Fertility has been steadily dropping for decades, but had seemed to level off early in this century. The Great Recession, however, sent it plunging again, and it has yet to recover.

The larger drop among immigrant women is likely due to changing demographics of immigrants, who are increasingly better educated. Better education correlates with lower fertility.

The debate over whether immigrants can help support an aging population has raged for decades, with those favoring higher rates of immigration arguing they are usually younger and more willing to work, and so they can help a society pay for expensive social safety net programs.

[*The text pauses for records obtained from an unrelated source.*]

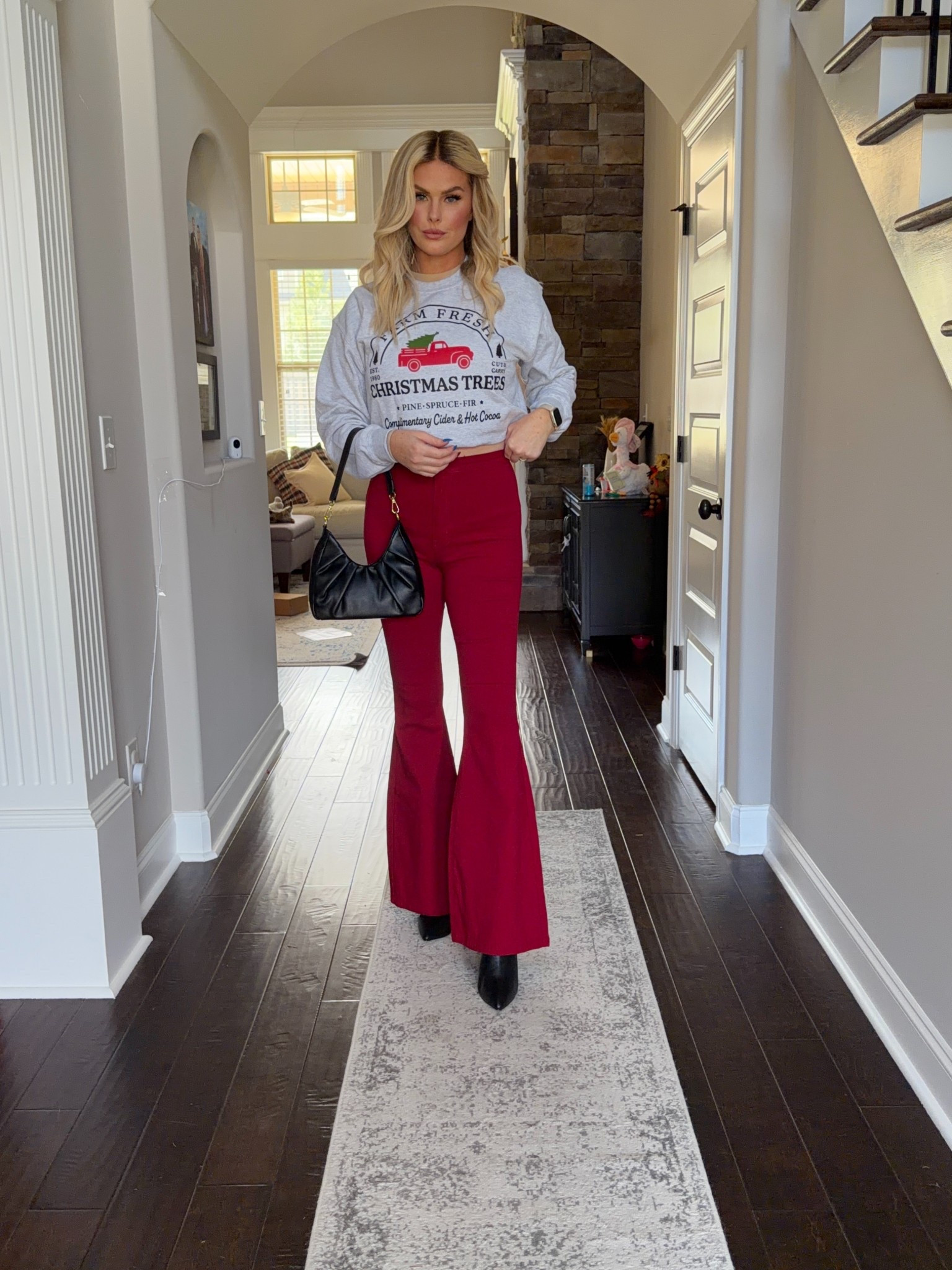 It’s December!! 🎅
@willowchicboutique really did it with this North Pole Flare bundle — flares + the cutest crewneck = instant holiday vibes ❤️💚 

Use code COURT20 for 20% off!

#willowboutique #northpolebundle #winteroutfits #jeans
#Itkfindsunder50 #Itkstyletip #Itksalealert #holidayvibes 

#LTKFindsUnder50 #LTKdayinmylife #LTKSeasonal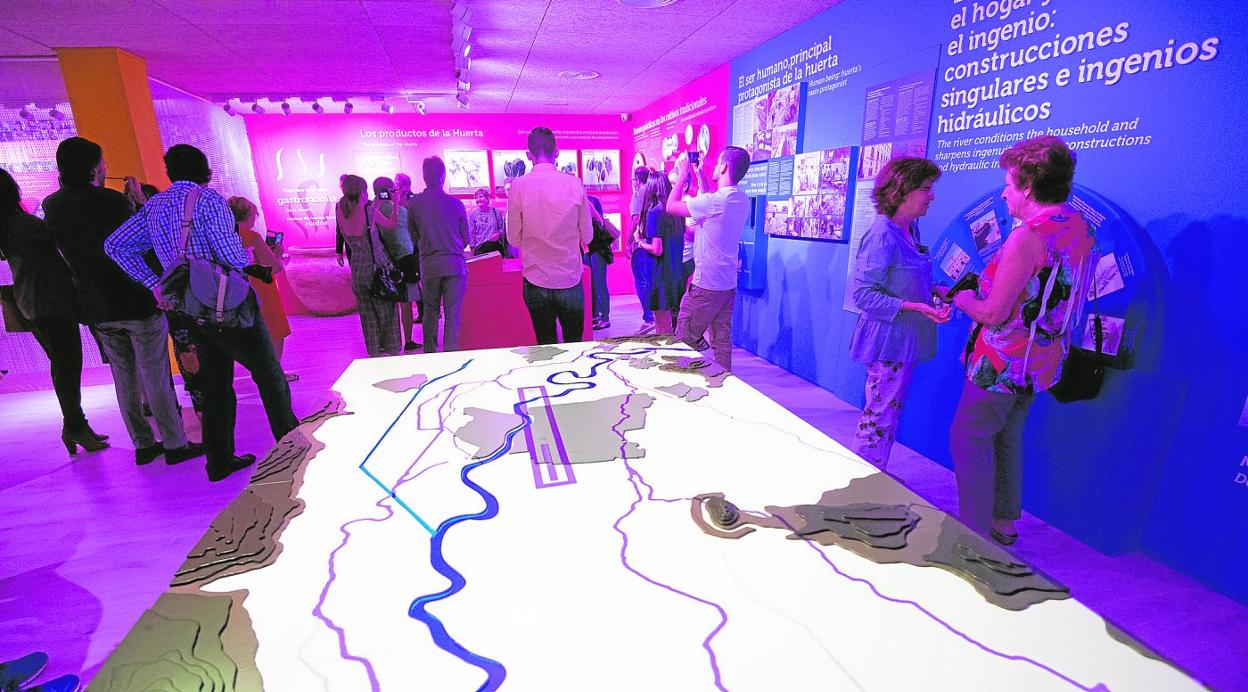 Varios invitados recorren las nuevas instalaciones del centro de interpretación, ayer. 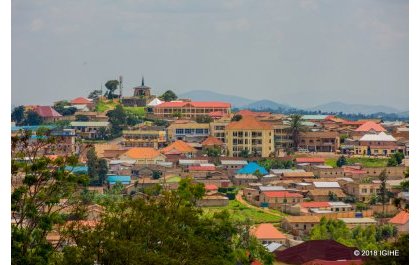 Imiterere y'uburyo ibigo bimwe bya Leta bizimurirwa mu mijyi yunganira Kigali no mu turere
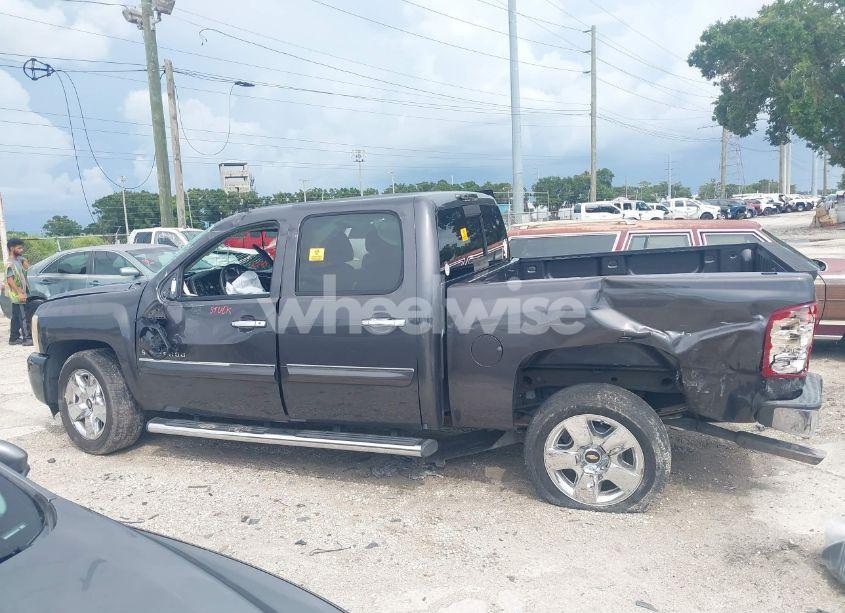 Photo 14 of 2011 Chevrolet Silverado 1500 LT (VIN 3GCPCSE0XBG185456)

“More immigration, especially in rapidly aging countries, would help slow the growth of the age dependency ratio,” Giovanni Peri, an economist at the University of California, Davis, argued in a paper in March in Finance & Development.

At a congressional hearing last week John Lettieri, CEO of the Economic Innovation Group, which pushes for more skilled visas, made a similar argument.

“Alongside policies that make it easier to start and support a family, immigration policy is one of the few and most obvious ways to counter demographic decline,” he said.

Mr. Camarota said he sees two problems with that. The first is that it would take massive levels of immigration to make a dent in the dependency ratio, and the U.S. system is set up around family migration.

In short, he said, even when younger workers come, they often bring parents.

The age of newcomers has risen from 26 in 2000 to 31 in 2017, Mr. Camarota calculated in a 2019 study.